Exercise: The copy you return should hold only the lines from the top of the data below through the line with "Porsche 981 Boxster Spyder", each duplicated exactly and with no pictures.
:: Provided data ::
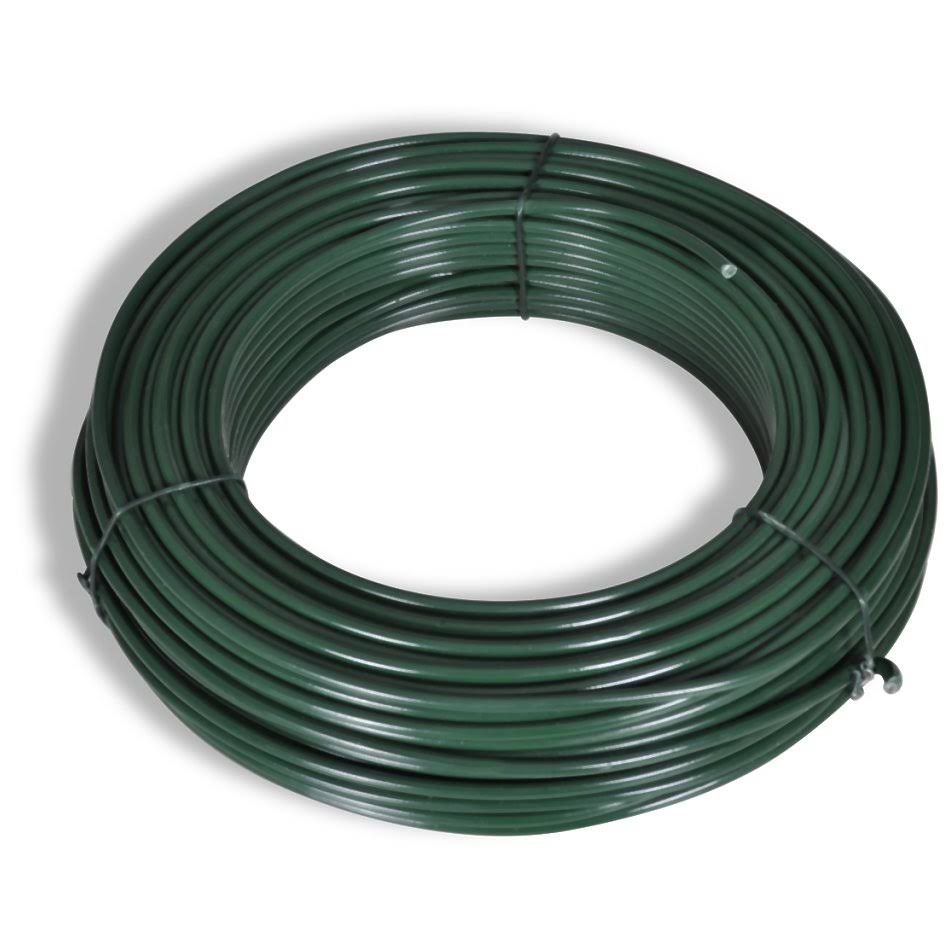 Green Steel Chain Link Fence with Posts 3x22 x 82 Z9878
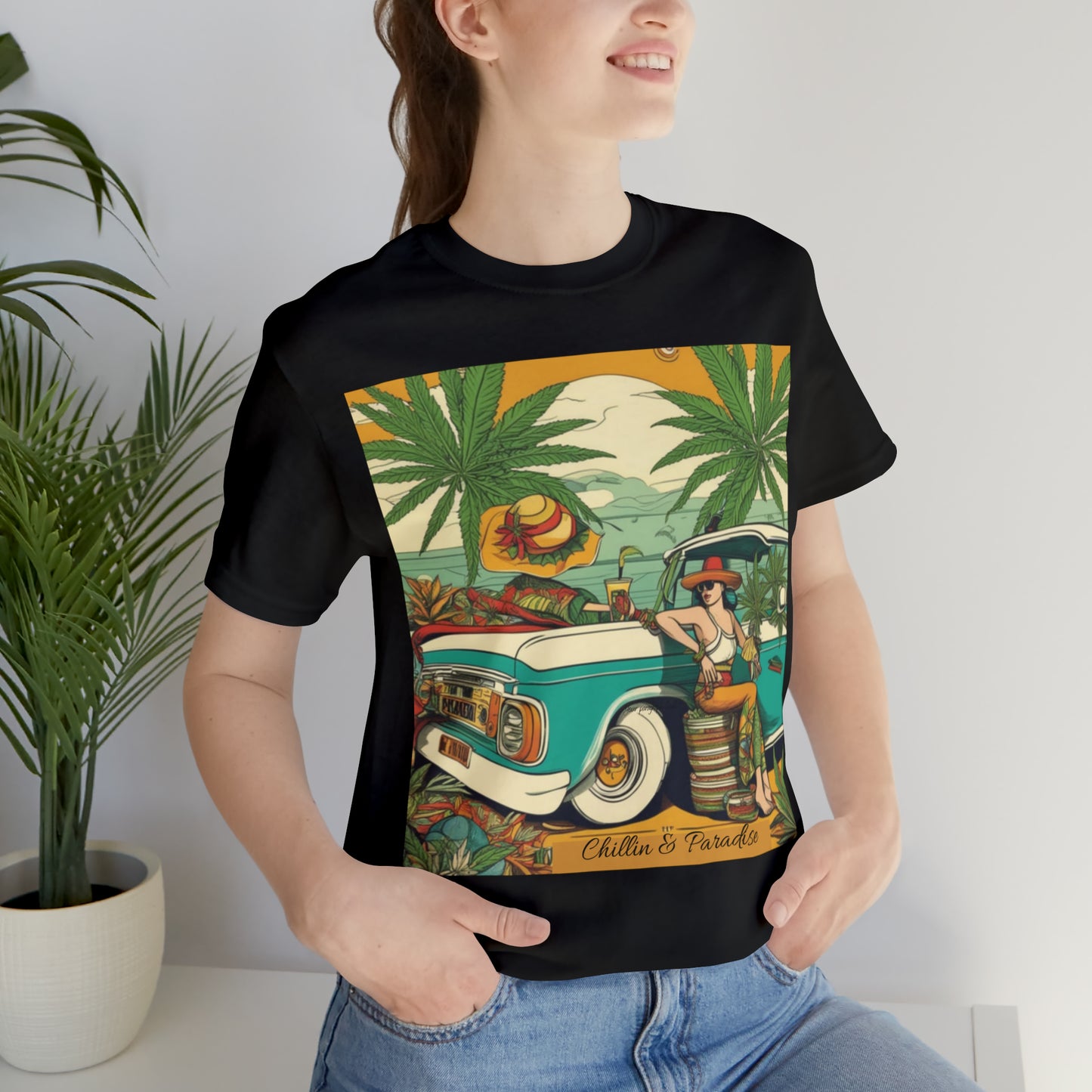 Unisex Jersey Short Sleeve Tee Cannabis Enthusiast Series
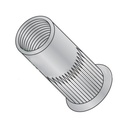 M8 Rivet Nut Small Flange Knurled Body, Zinc Plated Steel, Grip Range (.027-.150), (Quantity: 1600), Blind Threaded Inserts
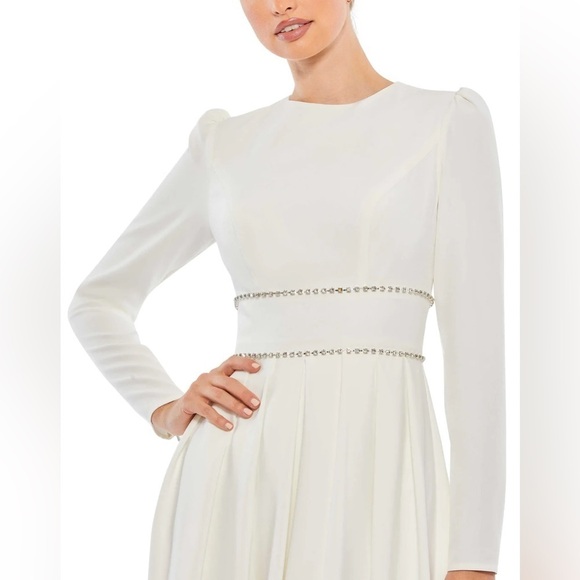 Mac Duggal 55705 NWT A-LINE RHINESTONE WAIST EVENING GOWN - Picture 6 of 10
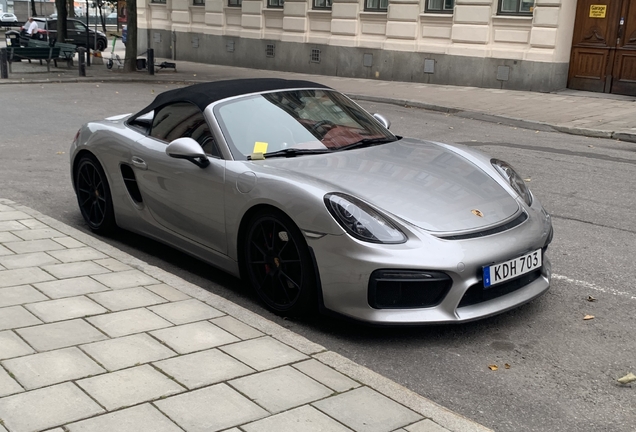 Porsche 981 Boxster Spyder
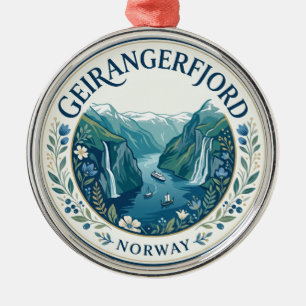 Ornamento De Metal Geirangerfjord Noruega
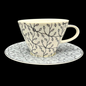 Villeroy & Boch Caffé Club Floral: Cappuchinotasse / Frühstückstasse mit Ut - grau (8822142140740)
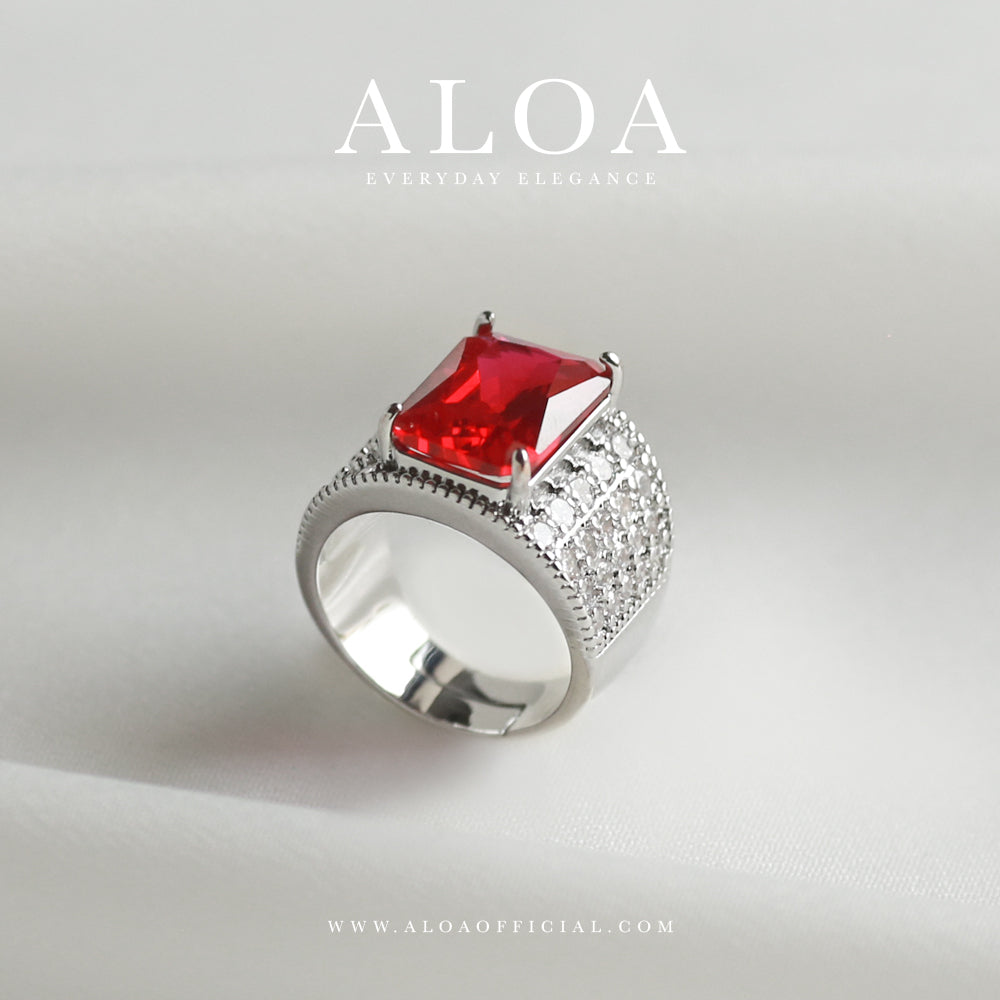 Regency Statement Ring in Red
:::
Your response:
 Green Steel Chain Link Fence with Posts 3x22 x 82 Z9878
 Unisex Jersey Short Sleeve Tee Cannabis Enthusiast Series
 M8 Rivet Nut Small Flange Knurled Body, Zinc Plated Steel, Grip Range (.027-.150), (Quantity: 1600), Blind Threaded Inserts
 Mac Duggal 55705 NWT A-LINE RHINESTONE WAIST EVENING GOWN - Picture 6 of 10
 Porsche 981 Boxster Spyder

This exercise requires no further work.